Лагеря в болотистых, осиновых лесах Мордовии были созданы, как мне потом рассказывали местные жители, еще в самом начале революции, примерно 50 лет тому назад. Но тогда это были отдельные лагпункты в глубине лесов. А сейчас от ст. Потьма на центральной железнодорожной магистрали Москва—Куйбышев, в 500 километрах от Москвы, начинается не обозначенная на картах СССР железная дорога, уходящая в гудящие под ветром лесные чащи до Саровской Обители, старинного христианского монастыря, о котором речь впереди.

С грохотом и лязгом отодвигались двери вагонов, крики «выходи!» показывали, что началась выгрузка; всех нас охватило нервное состояние. Что ждет на новых местах? Попадем мы в лагерь или опять на тюремный спец: что и здесь есть такое место, мы не сомневались.

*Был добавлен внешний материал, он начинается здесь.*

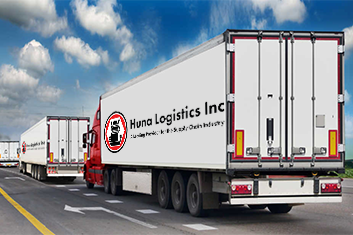Huna logistics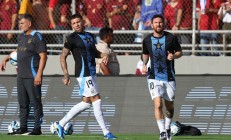 梅西不太可能缺席2026年世界杯- Nicolás奥塔门迪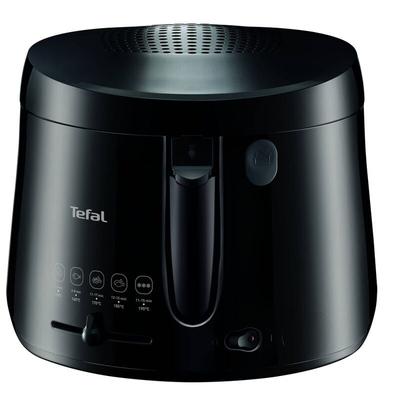 FF1078 Maxi Fry, schwarz - Tefal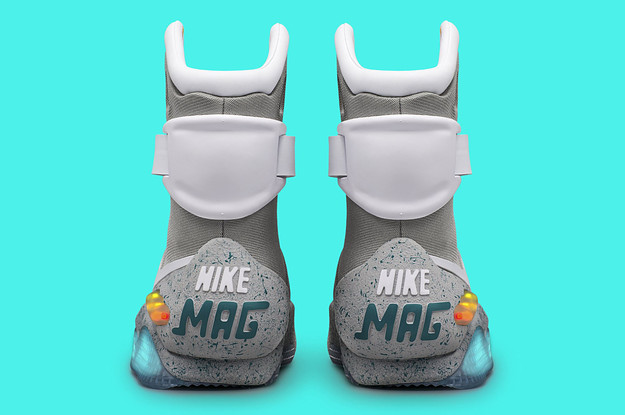 The Complete Nike Mag Guide | Complex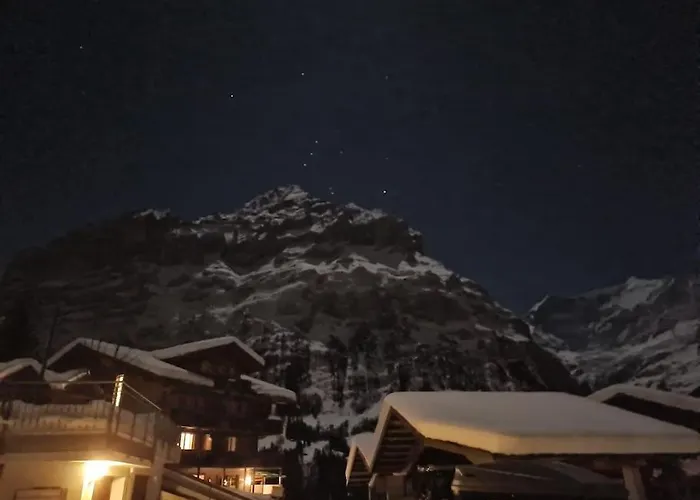 Lägenhet Engi 2 For Up To 6 People Grindelwald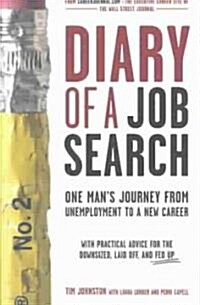 Diary of a Job Search (Paperback)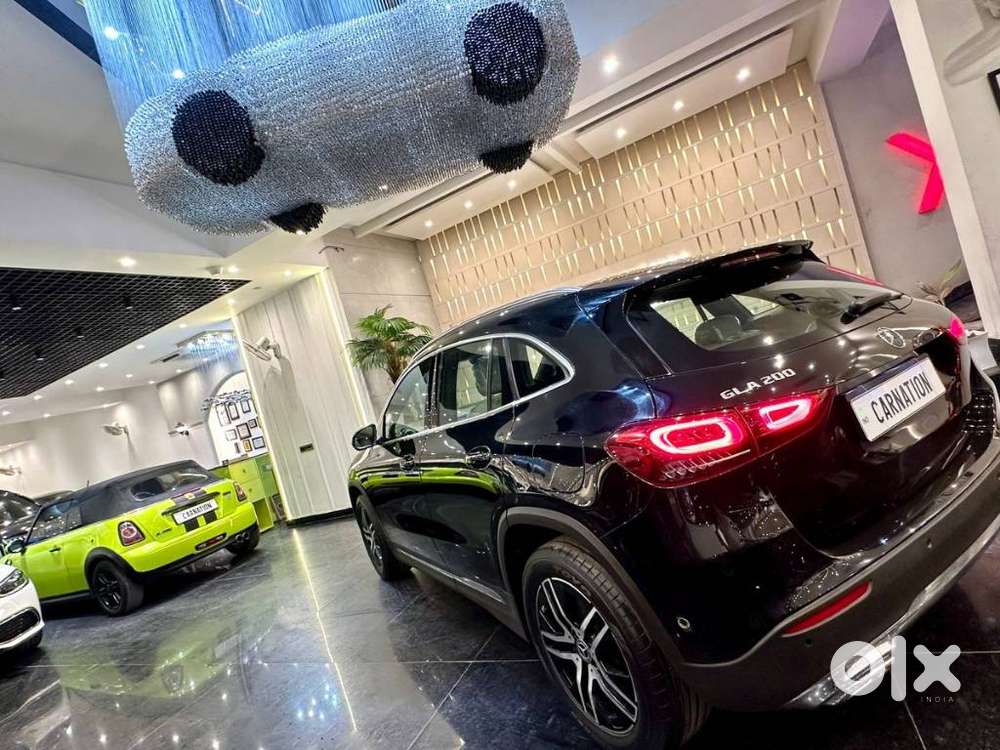 Mercedes-benz Gla Class Urban Edition 200, 2022, Petrol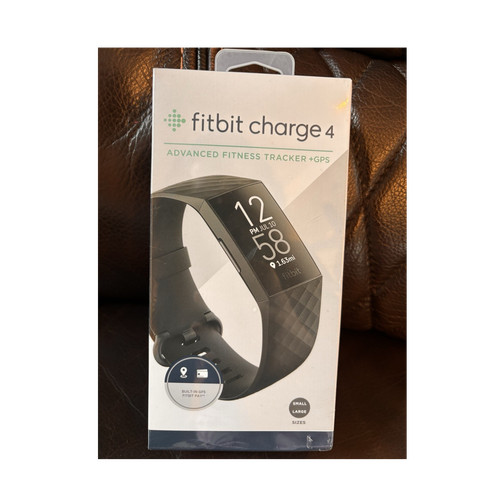 Fitbit charge gps - fitbit,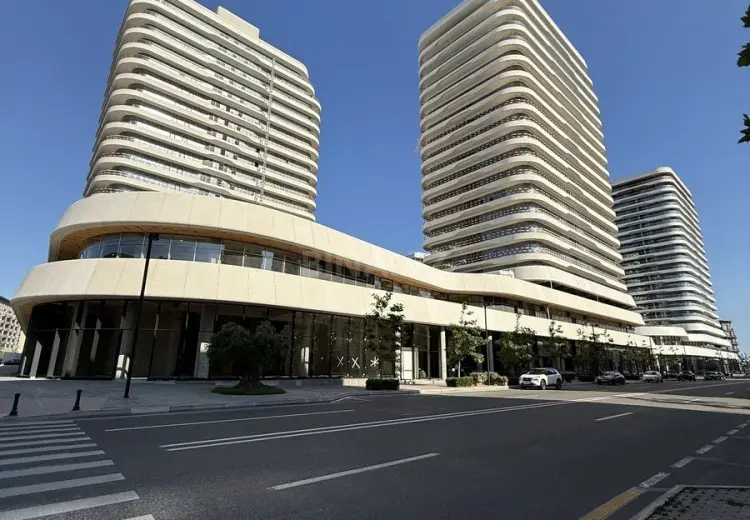 3 otaqlı mənzil Satılır, Ağ şəhər, Xətai, Bakı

Выгрузка шла в канун Пасхи; мы уезжали из Тайшета в апреле, и там была зима; здесь уже таял снег — это не Сибирь!

Но вот и нас начали вызывать по личным делам и выводить из вагона. Выпрыгивая в талые лужи с высоких ступенек вагона, мы попадали в яркую солнечную погоду и под стволы автоматов конвоя. Через строй солдат нас прогоняли к вытянувшейся вдоль полотна серой ленте арестантов. Попав к своим, я огляделся. Такого я еще не видел: по обе стороны вдоль железной дороги сплошной линией вытянулись и уходили вдаль черно-серые от старости и копоти заборы лагерей, обвитые колючей проволокой, обведенные перепаханными запретзонами, уставленные вышками с солдатами и пулеметами, обвешанные гирляндами электроламп и сотнями прожекторов. За этими заборами видны были крыши бараков, а рядом с нами, за забором возвышалось кирпичное тюремное здание с решетками и «намордниками» на окнах.

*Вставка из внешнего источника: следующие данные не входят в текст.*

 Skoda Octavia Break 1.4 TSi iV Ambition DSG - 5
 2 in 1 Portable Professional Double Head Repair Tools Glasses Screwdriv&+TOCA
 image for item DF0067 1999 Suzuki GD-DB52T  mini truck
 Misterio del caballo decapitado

Эта черно-серая перспектива была таким страшным диссонансом с ярким солнцем весны и голубым небом! Поневоле думалось: как не совестно людям, с их грязными преступлениями против самих себя, с их клетками, лагерями и тюрьмами — в этой красоте вечной Природы...

Но не так просто мыслить отвлеченно в шуме, гаме и матерщине выгрузки и сортировки нескольких тысяч заключенных: уже вызывали по личным делам и обыскивали. Вызываемые арестанты брали вещи и подходили к обыскивающим их надзирателям; тут же стояла большая группа старших офицеров, среди которых были генералы и полковники. Мы пробрались поближе к ним, и одно из лиц привлекло мое внимание; после того, как я спросил у солдата фамилию этого офицера, мне стало все ясно: Ролик, начальник оперативного отдела Камышлага, обманутый мною для помощи побегу Бондаря и Цыганкова, был здесь заместителем начальника Дубровлага. Повезло... Ведь если он меня узнает, то никогда мне уже не выйти из тюремного спеца.

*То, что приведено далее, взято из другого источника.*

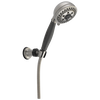 H<sub>2</sub>Okinetic&reg; 5-Setting Adjustable Wall Mount Hand Shower (Recertified)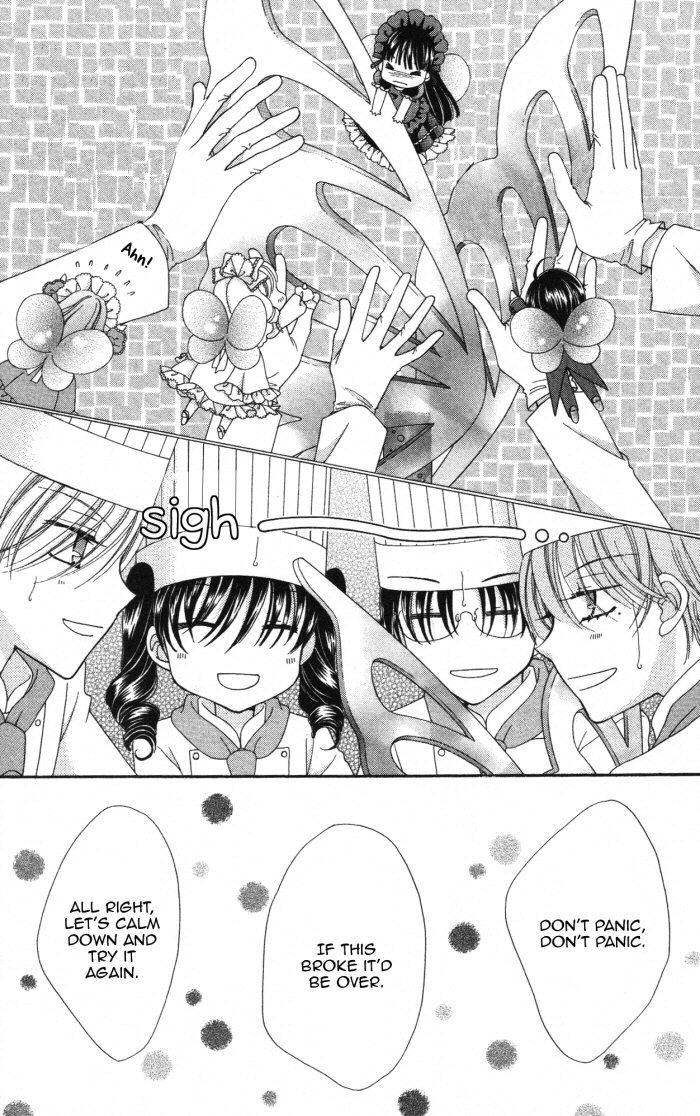 Yumeiro Patissiere chapter 21 page 49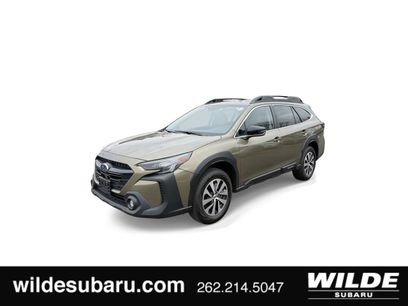 Certified 2025 Subaru Outback Premium w/ Popular Package #1A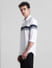 White Cotton Full Sleeves Shirt_416396+3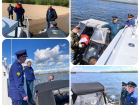 В Самаре водитель катера посадил слишком много пассажиров на судно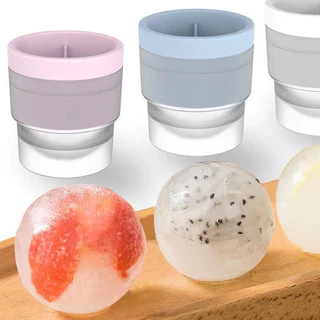 ที่ทำน้ำแข็ง น้ำแข้งก้อนกลม แม่พิมพ์ทำน้ำแข็ง Ice Ball Maker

Сортировка продолжалась, и скоро прибывшим со штрафняка стало ясно: нас отделяют. Вызванный на обыск, я постарался попасть к крайнему надзирателю, подальше от Ролика; думаю, что он не обратил на меня внимания в серой гуще арестантов.

Сотни две наших ребят со спеца стояли в стороне; мы наблюдали, как погружают в местные тюремные вагоны и развозят прибывших с нами. В это время в одном из лагерей напротив нас открылись ворота, и конвой вывел группу заключенных-женщин: у каждой на руках был грудной младенец. «Мамки»... Те, кто мучается больше других; женщины, попавшие в тюрьму беременными и родившие в этом ужасе. До года ребенок воспитывается матерью, а потом его безжалостно отнимают и помещают в тюремный детский сад.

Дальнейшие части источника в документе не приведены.